An excellent piece in the New York Times argues that Obama has a flawed sense of realism, “For any believer in the trans-Atlantic alliance, liberal interventionism and the overall beneficence of American power, President Obama’s long exposition of his foreign policy to Jeffrey Goldberg in The Atlantic made for pretty depressing reading. In all the thousands of words, the fate of the troubled European Union and NATO merit zero reflection. Allies are mostly portrayed as freeloaders. We learn that Angela Merkel, the German chancellor, is “one of the few foreign leaders Obama respects” (a sentiment only partially reciprocated, at best, if my Berlin soundings are correct). Through several interviews with Goldberg, Obama emerges as a realist and an internationalist, in that order, dismissive of the notion that he has undermined American credibility in the world, resolute in defence of his inaction in Syria, skeptical of interventionism, unsentimental about Europe (and most things), and more inclined to view climate change as an existential threat than terrorism. Obama tells Goldberg, “We have history in Iran, we have history in Indonesia and Central America. So we have to be mindful of our history when we start talking about intervening.” There is truth to these words. Yet, coming from an American president, they are unusual. Reference to American-backed coups serving strongmen in far-flung lands is not the usual Oval Office fare of America-as-beacon”.

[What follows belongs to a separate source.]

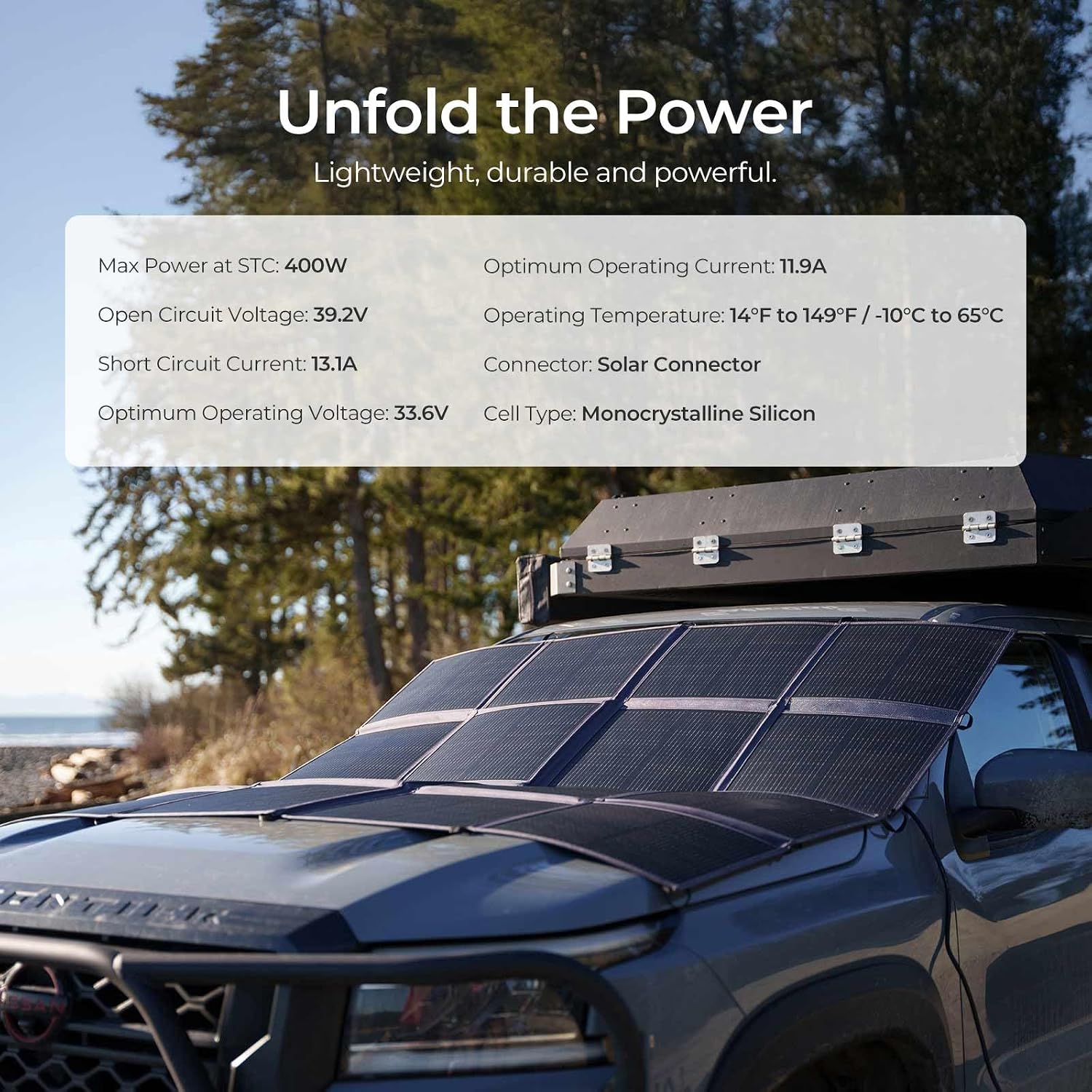 Renogy 400W Portable Solar Panel Blanket, 25% High Efficiency N-Type Foldable Solar Panel Charger for Power Station,Lightweight 16-Fold Space Save, Fast Setup for Camping, RV, Pickup, Marine Off-Grid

The author goes on to argue “In electing Obama, a chastened United States chose a left-leaning intellectual. It chose a man sobered by history, childhood years in Indonesia and African-American suffering, disinclined by temperament and experience to beat the drum of American patriotism. This was a radical departure. The chest-thumping American irredentism symbolized by Donald Trump is in part a reaction to Obama’s 21st-century realism. Trump is theater to Obama’s theory, saber rattling to sobriety, America-first to America-in-the-world. After two unsuccessful post 9/11 wars, Obama’s restraint was needed. But did he take it too far in Syria, where close to half-a-million people are now dead and nearly 5 million have fled — horrific unmentioned numbers? Above all, did his decision in August 2013 not to uphold with force his “red line” on the Syrian regime’s use of chemical weapons sound the death knell of American credibility, consolidate President Bashar al-Assad and empower President Putin? “I’m very proud of this moment,” Obama insists”.
The writer asks pointedly, “Proud? It is possible to believe that the situation in Syria would be worse if Obama had followed through with punitive strikes. It is possible to believe that ISIS would have emerged, seized vast territory, beheaded Americans, rattled Paris and struck through sympathizers in San Bernardino anyway. It is possible to believe that Putin would have annexed Crimea anyway. It is possible to believe that Putin would have started a war in eastern Ukraine anyway. It is possible to believe that Assad would be stronger as a result of Russia’s military intervention anyway. It is possible to believe that Saudi “Obama-is-a-Shiite-in-the-pocket-of-Iran” derangement syndrome and Saudi war in Yemen would have occurred anyway. It is possible to believe that more than a million Syrian refugees would have shaken Europe anyway. It is possible to believe the moon is a balloon. But the weight of evidence is that Obama’s Syrian wobble was a terrible error. The president is portrayed mocking the foreign policy establishment’s “fetish of ‘credibility.”’ But it’s American military credibility that, over decades, stopped Soviet tanks pouring through the Fulda Gap. It is American credibility that has underwritten the “less violent, more tolerant” world to which Obama alludes. His dismissal of credibility is ahistorical and dangerous. Secretary of State John Kerry was right when he said that actors around the word were “watching to see if Syria can get away with it, because then maybe they too can put the world at greater risk.” Syria got away with it. The world was put at greater risk”.
The piece continues “Goldberg writes that Obama believes Churchill’s “eloquently rendered bellicosity” was “justified by Hitler’s rise.” Good to know. Even if Assad did not meet the do-something test. The thing about pendulums is they swing too far. Obama is right on many fronts. He’s right that Iran and Saudi Arabia need to “institute some sort of cold peace.” Right to conclude the Iran nuclear deal, open to Cuba, clinch the Paris climate accord and back free trade with Asia. But his cool realism has been disastrous in Syria and damaging to Europe. It also failed to seize tantalizing opportunities for liberty and democracy in Iran and Egypt. The greatest liberation movement since 1989 — the Arab Awakening — withered on his watch”.
He concludes “Obama concedes that he has not been attentive enough to “emotions” in politics. He thinks the best argument against his foreign policy is that he has failed to “exploit ambiguity enough,” the kind of ambiguity that allows people to believe “this guy might be a little crazy.” That, of course, would not be a problem with a President Trump — who would also make Americans and the world deeply nostalgic for Obama’s deeply flawed realism”.